One downside of this strategy is that the anonymity set shrinks over time. If you mint at block 20,000,000, then your anonymity set is all accounts with ETH and no transactions where the ETH was transferred into the account after this change goes live and before block 20,000,000. However, over time the set of accounts where the ETH doesn’t move will trend towards only those which were actual burns, thus your anonymity set ends up (eventually) being similar to contract layer tools like Tornado.

The one exception is ETH that is mistakenly sent to a wrong address (e.g., typo). This ETH will stay in your anonymity set forever. Unfortunately for this protocol (and fortunately for everyone else) the number people who accidentally burn their ETH by sending to a non-existent account is quite small. Losing private keys is slightly more common, but still pretty rare and such accounts usually have transactions.

That being said, this protocol still provides some amount of plausible deniability in that you can claim that ETH you burned was either sent to a wrong address, you lost the keys, or you have the keys but are unwilling to share them. Unlike Tornado, burning your ETH through this protocol doesn’t give away that you used the protocol at all. Only withdrawing proves that you used the protocol in the past.

1 Like

If this is going to be implemented on the base layer, then I think the best option is to not rely on EVM-providen roots, and build and maintain an additional tree with a ZK-friendly hash function on Ethereum clients.

This is actually very convincing and sad, I thought the anonymity set would be bigger.

2 Likes

I agree it is unfortunate. The plausible deniability is still incredibly valuable though. You don’t get that with tools like Tornado.

2 Likes

The scalability idea from the slide deck presented at ACD should be added to the EIP, or perhaps a second EIP that depends on this one could “extend” it.

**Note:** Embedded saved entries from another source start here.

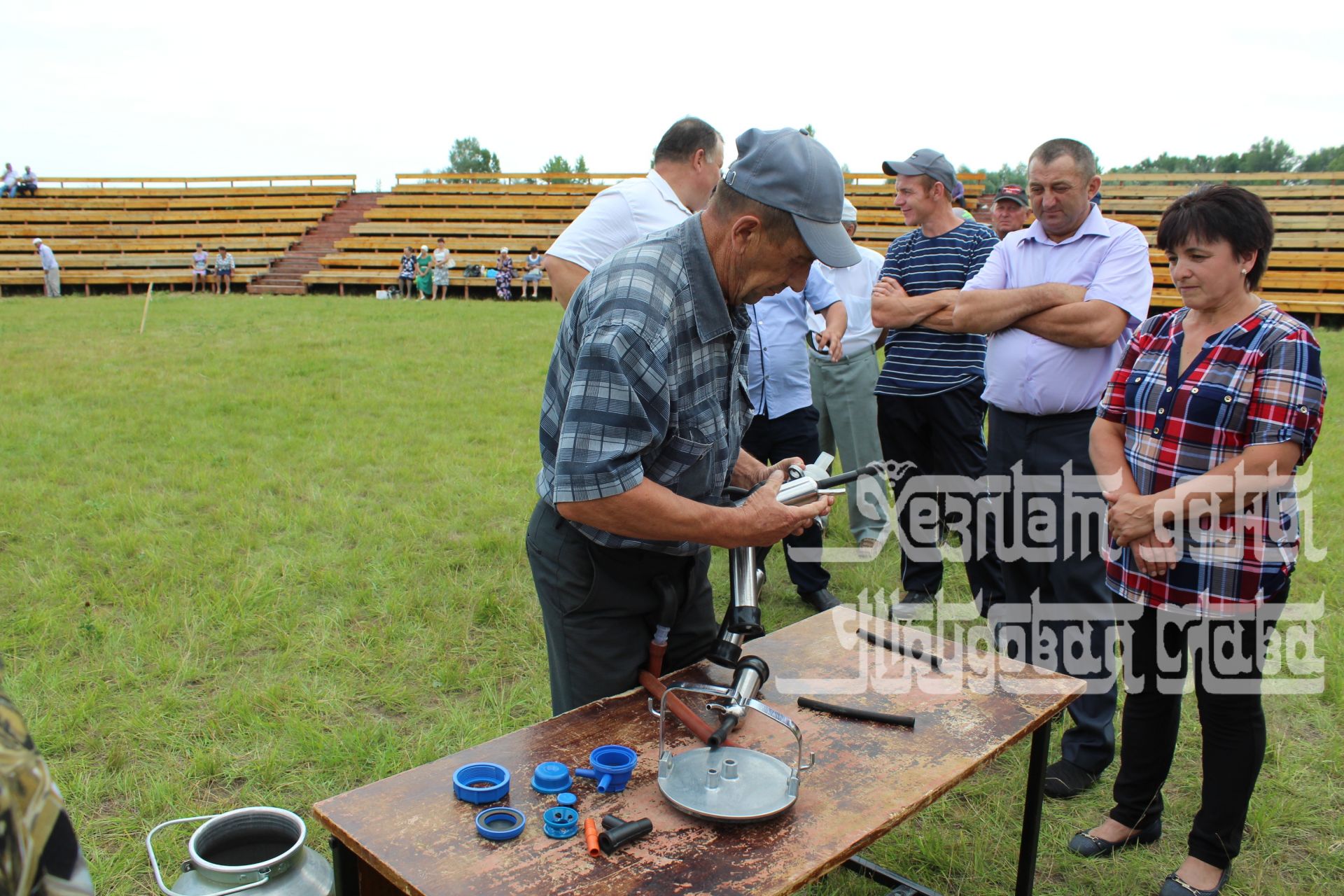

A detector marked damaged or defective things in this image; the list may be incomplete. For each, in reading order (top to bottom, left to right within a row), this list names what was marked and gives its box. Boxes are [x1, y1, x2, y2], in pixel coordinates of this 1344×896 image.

rusty metal table [312, 607, 1080, 892]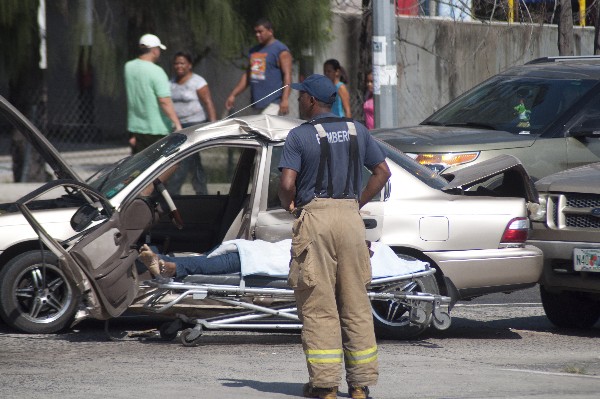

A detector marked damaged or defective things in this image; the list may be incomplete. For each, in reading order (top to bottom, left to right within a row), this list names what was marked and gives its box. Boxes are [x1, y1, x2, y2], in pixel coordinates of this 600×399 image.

shattered windshield [424, 76, 596, 135]
shattered windshield [88, 134, 186, 199]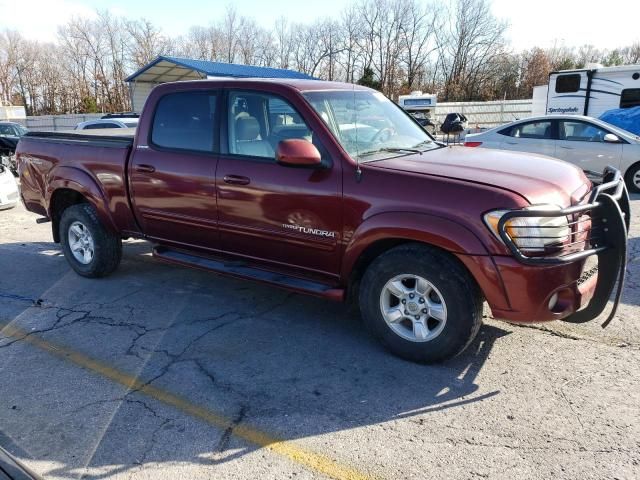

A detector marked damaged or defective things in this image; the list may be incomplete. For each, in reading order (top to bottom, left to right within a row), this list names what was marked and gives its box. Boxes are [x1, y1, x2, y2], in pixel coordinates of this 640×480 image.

cracked pavement [0, 196, 636, 480]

  • A CEX can accept deposits in burn-addresses and re-mint the sum of them in a single proof.
  • This way, a single nullifier will be stored on Ethereum client’s database instead of a complete TX.

Of note, this isn’t just for CEXs. This would potentially be useful for anyone who sets up a unique recipient address for each payer including payment processors, merchants, etc.

Also worth noting: it would allow a merchant to accept payments without the payer being associated with the seller on chain. The payers would all just send to burn addresses and the merchant would be able to simply mint all of their proceeds in one shot. The same for allowing for anonymizing donations to political causes that one may not want to be publicly associated with (e.g., Canadian Truckers donations).

The nice thing about both of these use cases is that it creates an incentive to grow the anonymity set as receiving funds this way would be cheaper than receiving at independent addresses since you can “rollup” the consolidation transaction.

3 Likes

@keyvank couldn’t anonymity be increased by adding functionality to retrieve the newly mint tokens using uniform amounts and random time periods?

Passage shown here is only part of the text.